Turkey's Islamist-rooted government sharply criticized an army threat to intervene in domestic politics and said on Saturday the military must remain under civilian control.
Prime Minister Tayyip Erdogan spoke by telephone with Turkey's top general, Yasar Buyukanit, after Friday's statement in which the military said it was ready to act in defense of secularism, government spokesman Cemil Cicek said.
Cicek said the army statement was aimed against the government and was timed to influence the Constitutional Court which is set to study a legal challenge to the inconclusive first round of a presidential election on Friday. "Turkey's problems will be solved in the framework of the law, there is no other way ... The chief of the General Staff is answerable to the Prime Minister," Cicek told a news conference.
The army, which has ousted four governments in the past 50 years, expressed concern in its statement late on Friday over the election. It said it was ready to act in defense of the secularist system separating religion and politics. Turkey's secular elite, including the generals and top judges, fear Erdogan's ruling AK Party will erode the secular system if it captures the presidency.
Erdogan held emergency talks on Saturday with his candidate, Abdullah Gul, who is Turkey's foreign minister, and other key officials.
Cicek, who is also justice minister, said the government would not allow its foes to whip up tensions between it and the military. He also stressed the government's commitment to the basic values of the constitution, which include secularism. The army statement came hours after Gul failed to win enough votes in parliament in his first bid for the presidency. A second vote is set for next Wednesday.
Secularist opposition parties boycotted Friday's session. One of them has asked the Constitutional Court to annul Friday's vote because there were fewer than two thirds of deputies in the chamber at the time.
The government says the vote was valid. If the court upholds the opposition appeal next week, Erdogan would have to call a snap election. President Ahmet Necdet Sezer, a staunch secularist, would stay in office until a new parliament could elect his successor.

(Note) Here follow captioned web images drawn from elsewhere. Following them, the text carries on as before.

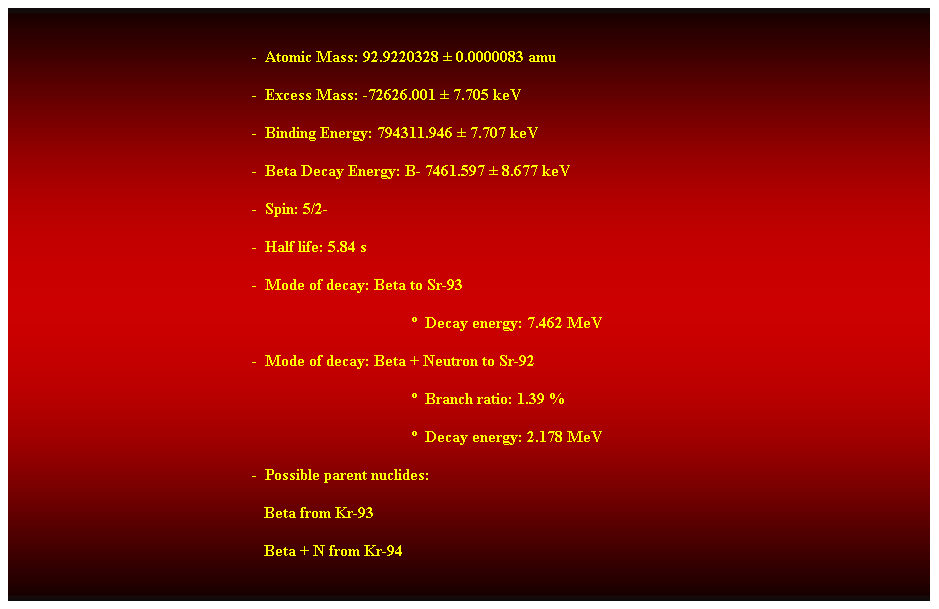 Cuadro de texto:  
-  Atomic Mass: 92.9220328  0.0000083 amu 
-  Excess Mass: -72626.001  7.705 keV 
-  Binding Energy: 794311.946  7.707 keV 
-  Beta Decay Energy: B- 7461.597  8.677 keV 
-  Spin: 5/2- 
-  Half life: 5.84 s 
-  Mode of decay: Beta to Sr-93 
  Decay energy: 7.462 MeV 
-  Mode of decay: Beta + Neutron to Sr-92 
  Branch ratio: 1.39 % 
  Decay energy: 2.178 MeV 
-  Possible parent nuclides: 
                                                               Beta from Kr-93 
                                                               Beta + N from Kr-94 
 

About 1,000 protesters staged a rally at Ankara University on Saturday against the government. A big secularist rally is also planned in Istanbul on Sunday.
The Ankara-based Human Rights Association said the army statement damaged Turkish democracy. Mehmet Agar, leader of the center-right opposition True Path Party, told reporters: "Turkey's problems must be solved by civilian politics." In Brussels, European Union enlargement chief Olli Rehn expressed concern.
Turkey, under Gul's supervision, began EU membership talks in 2005. "This is a test case if the Turkish armed forces respect democratic secularism and the democratic arrangement of civil-military relations," Rehn told reporters.
However, the EU has lost influence in Turkey, where public opinion has turned Eurosceptic amid rows over Cyprus and other issues. Many Turks feel the EU does not want to admit Turkey. U.S. Assistant Secretary of State Dan Fried told Reuters in Brussels that Washington hoped its NATO ally would resolve its difficulties "in a way consistent with their secular democracy and constitutional provisions."
Ten years ago, Turkey's army ousted Islamist premier Necmettin Erbakan's government, in which Gul also served, with strong public backing and without tanks on the streets.
Few are predicting another military coup in Turkey, where economic growth is robust and Erdogan's government popular, but the army statement has raised the stakes in the battle of wills.